Зал шикает. Муравьев, чтобы успокоить дам, становится в позу Цицерона, патетически вопрошая:
— Где же цареубийцы?..
Желябову хочется довести мизансцену до конца, в ответ на восклицание прокурора он готов вскочить и раскланяться. Перовская чувствует задор Андрея и тихонько удерживает его на месте.
— …Вы хотите знать цареубийц? Вот они!
В зале кто-то хлопнул в ладоши, сраженный ложным пафосом обвинителя. Хлопок подхватили, но аплодисменты испуганно смолкли. Нависла тяжелая пауза. Овации цареубийцам?..
Муравьев позеленел. Красноречие оборачивалось против него. Фукс уже тянулся к колокольчику.
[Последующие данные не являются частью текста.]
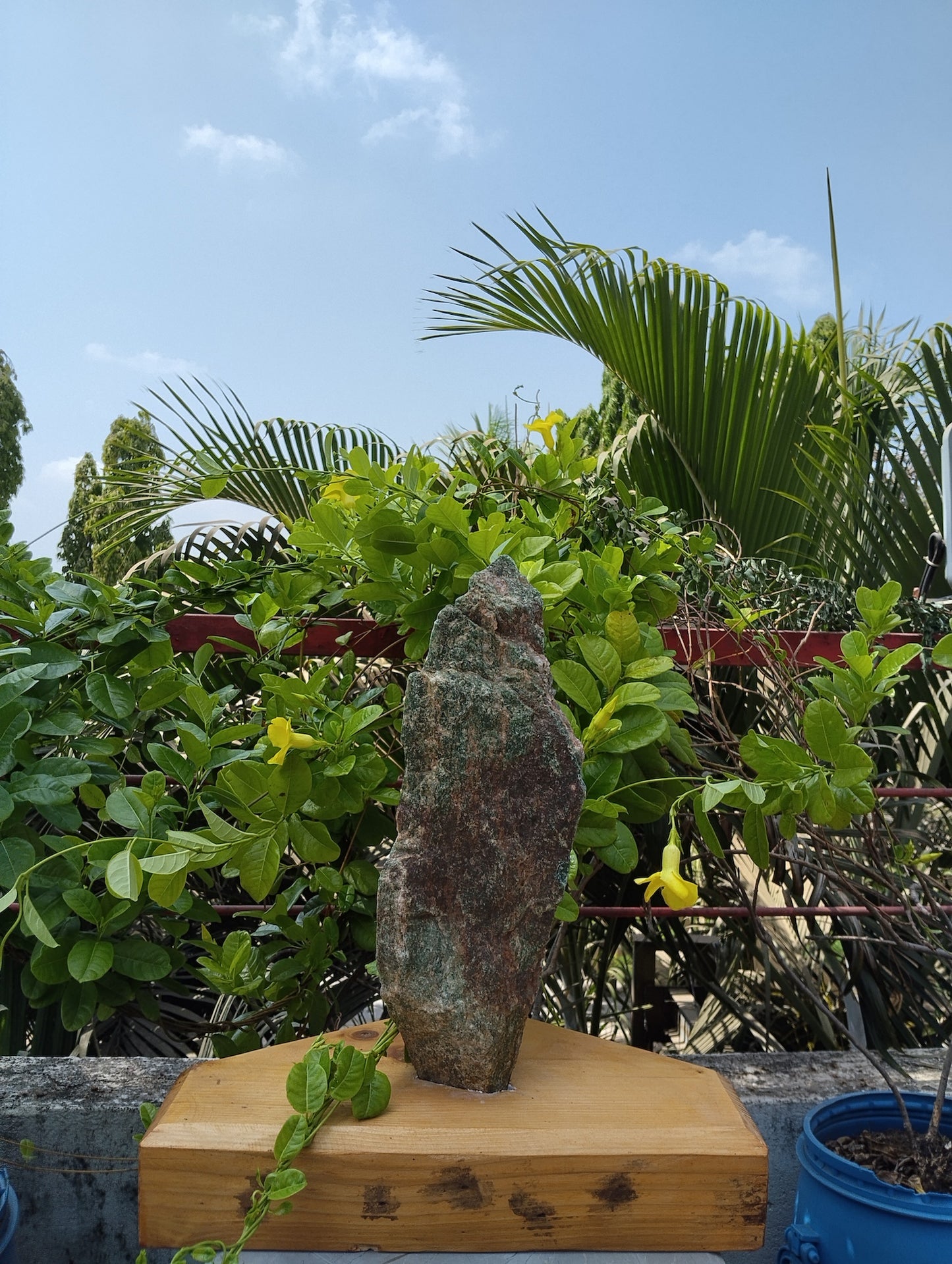 Zoisite Ascend (Green Zoisite)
Нужно скорее переходить к характеристике каждого подсудимого и выяснению состава преступления.
Муравьев отодвигает в тень Рысакова и Перовскую, Кибальчича и Гриневицкого и стремится занять весь передний план фигурой Желябова. Он готов снизойти до слабостей остальных, они просто исполнители, но за ними всегда стоял демон, он повелевал ими, как Мефистофель силами ада. Он «вдохновитель», он «вездесущ».
А что дальше, что дальше?.. Муравьев мнется, он вплотную подошел к партии. Но разве можно осквернять свои прокурорские уста такими крамольными словами, как «партия», «революция»? Нет, нет, партии никакой нет, успокойтесь, господа! В России испокон веков мир и благоденствие, народ любит своего отца — батюшку императора, тот печется о чадах своих. А эти вот — выродки, исчадия ада в облике благопристойных людей. Перед судом не партия, а просто «атаманство», шайка убийц, а их глава — атаман Андрюшка Желябов. Ну, да он пострашнее Васьки Потехина, что сбродует вокруг столицы; тот убивает ради кошелька, а этот ради убийства.